Una delle principali esigenze dei musei, infatti, è la creazione di cataloghi digitali facilmente fruibili sia degli operatori del settore che dal pubblico. A questo scopo si sono sviluppate a  livello internazionale piattaforme come MuseumPlus di Zetcom e Collective Access, le quali consentono ai musei e alle fondazioni di unire i dati per creare cataloghi e archivi. In particolare, Collective Access è un progetto nato negli Stati Uniti, più precisamente a New York, che negli anni ha espanso il proprio bacino clienti arrivando a collaborare con istituzioni Europee e Cinesi. Tra i fruitori della piattaforma oggi ci sono anche numerosi artisti e collezionisti privati i quali hanno compreso l’importanza di creare un archivio sempre aggiornato della propria collezione per avere in un unico luogo i dati relativi alla posizione dell’opera, la sua provenienza e di archiviare dati importanti come le autentiche.

Queste piattaforme offrono pacchetti di servizi diversi a seconda delle esigenze e delle risorse economiche a disposizione delle istituzioni clienti. In questo modo anche i musei di piccole e medie dimensioni riescono a rendersi efficienti e competitive sul mercato.

In Italia c’è coMwork, la prima piattaforma cloud italiana che consente ai musei di organizzare e archiviare tutti i dati e le informazioni in un unico spazio di lavoro. Il progetto, sviluppato da un’idea di Stefania Vecchio nel 2015, ha vinto un bando di Fondazione Cariplo nel 2016 ed è in commercio da fine 2018. comMwok permette ai musei di creare schede di catalogo digitali fruibili anche dal pubblico, di gestire dati multiformato e di condividerli anche con utenti esterni, di creare metadati di facile utilizzo e di creare calendari condivisi per l’organizzazione delle attività dello staff.

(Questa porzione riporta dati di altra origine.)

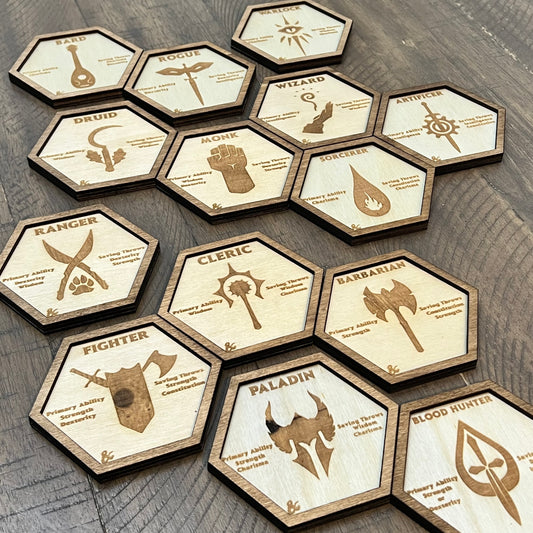 DND Coasters SVG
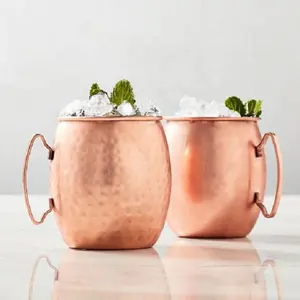 Nouvelles tasses à Moscow Mule en cuivre MIINOX MW-MCSC, design moderne, excellente qualité, meilleur prix, provenant d'un vendeur indien. - Product Image 2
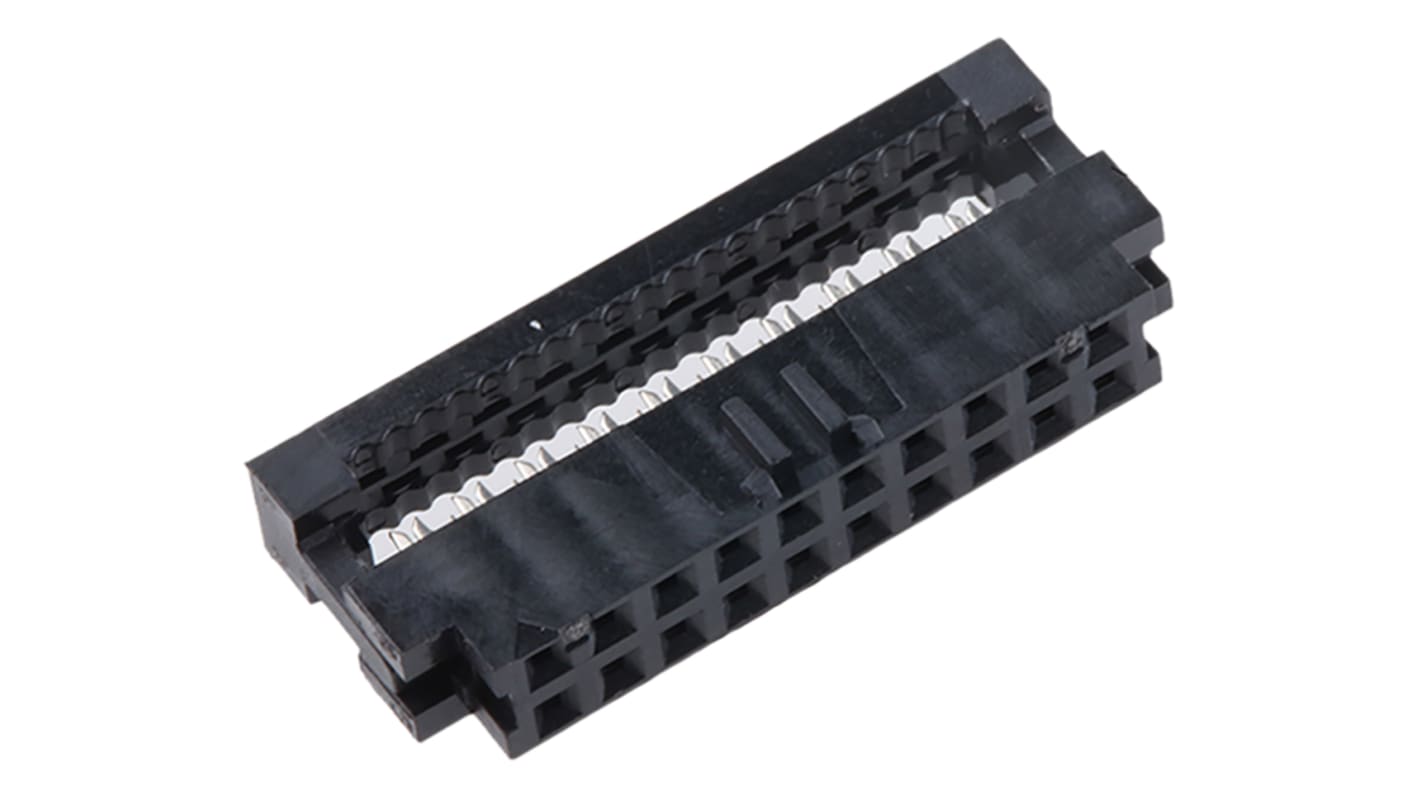 Amphenol Communications Solutions IDC连接器, 母座, 20p, 2.0mm间距, 2排, 电缆安装, IDC端接, 直角, Minitek系列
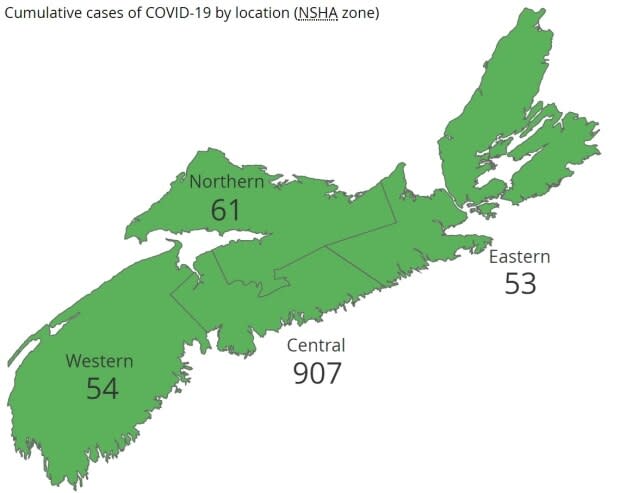 One new COVID-19 case in northern Nova Scotia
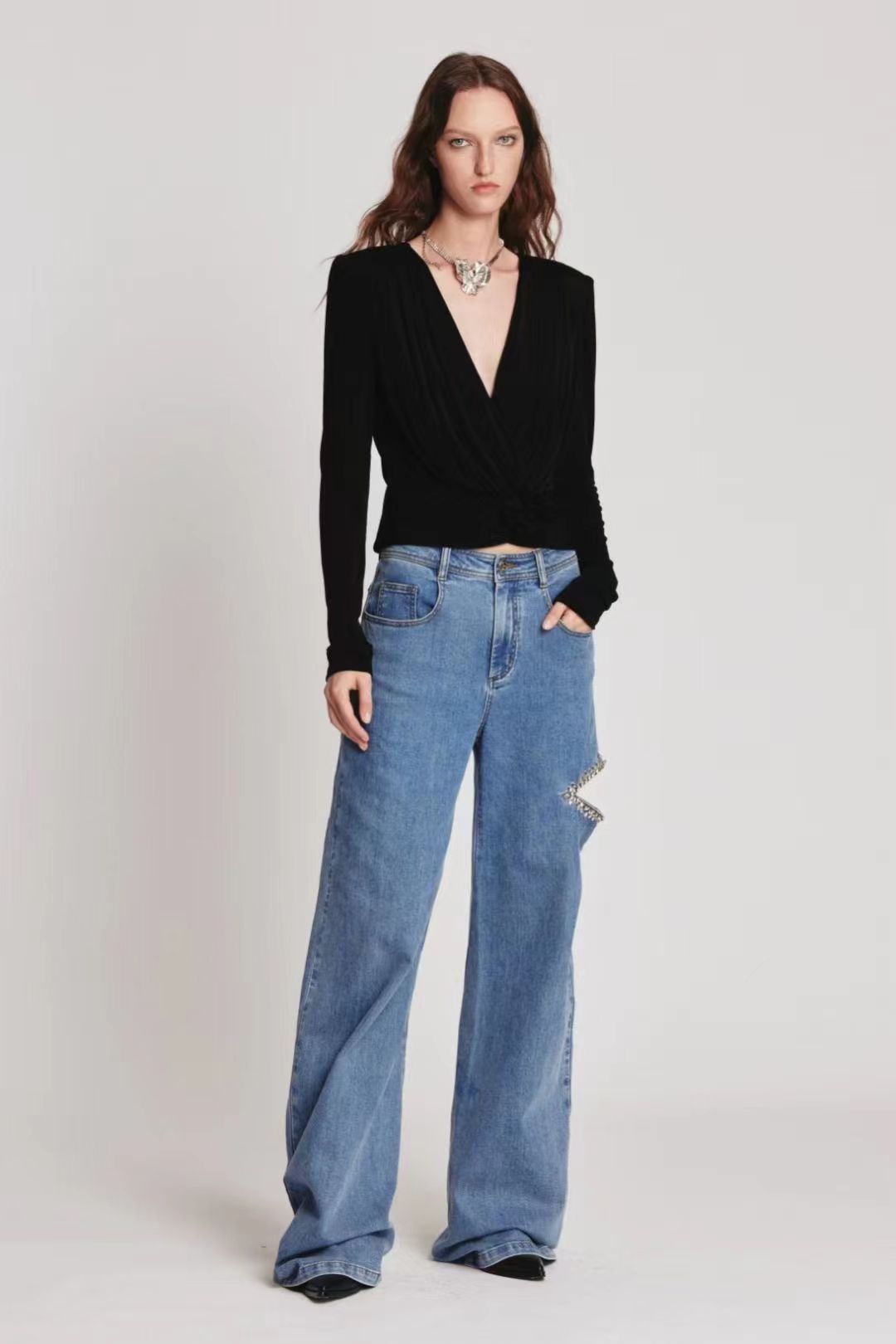 Lamerry牛仔长裤LWFS1K186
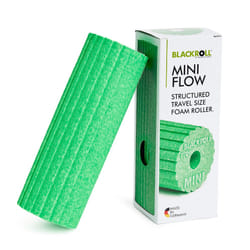 BLACKROLL Mini Flow Fascia Roller (15 x 5 cm), Small Fitness Roller with Ribbed Surface, Handy Massage Roller for Travel, Office or Gym, Medium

La start-up, sin dalla fase di progettazione, ha deciso di collaborare in modo diretto con i musei iniziando un processo di co-design con i Musei Reali di Torino (collaborazione conclusa ad inizio 2019) con lo scopo di sviluppare un prodotto costruito secondo le esigenze del cliente finale e di testare mano a mano i moduli sviluppati riducendo così il rischio di fallimento del prodotto. Questa strategia ha permesso, inoltre, di capire esattamente se, dove e perché nelle istituzioni museali sono ancora presenti resistenze al digitale, riuscendo a ridurle. Terminata la collaborazione con i Musei Reali di Torino (a cui seguiranno 2 anni di gratuità dell’utilizzo della piattaforma) coMwork ha ampliato il proprio  portafoglio clienti e ha iniziato a lavorare con diverse realtà tra cui i Musei del Castello Sforzesco, il Museo Poldi Pezzoli, il Museo Bagatti Valsecchi e il MUSE di Trento.

“Oggi tutti i musei devono fare quel passo in più e diventare musei digitali. Tutti noi viviamo immersi nelle tecnologie che sono diventate parte integrante del quotidiano. Ormai il digitale è diventato imprescindibile anche per le istituzioni culturali” ha commentato la fondatrice di coMwork.

Per il 2020 la start-up si propone di concludere alcune funzionalità previste nel proprio piano di sviluppo, di internazionalizzare la piattaforma e di concentrarsi sulla parte relativa alla fruizione del pubblico. La volontà è quella di aggiungere al proprio pacchetto prodotto un modulo che consenta ai musei di pubblicare un catalogo ragionato consultabile dal pubblico e di realizzare una app di realtà aumentata per le opere presenti in piattaforma.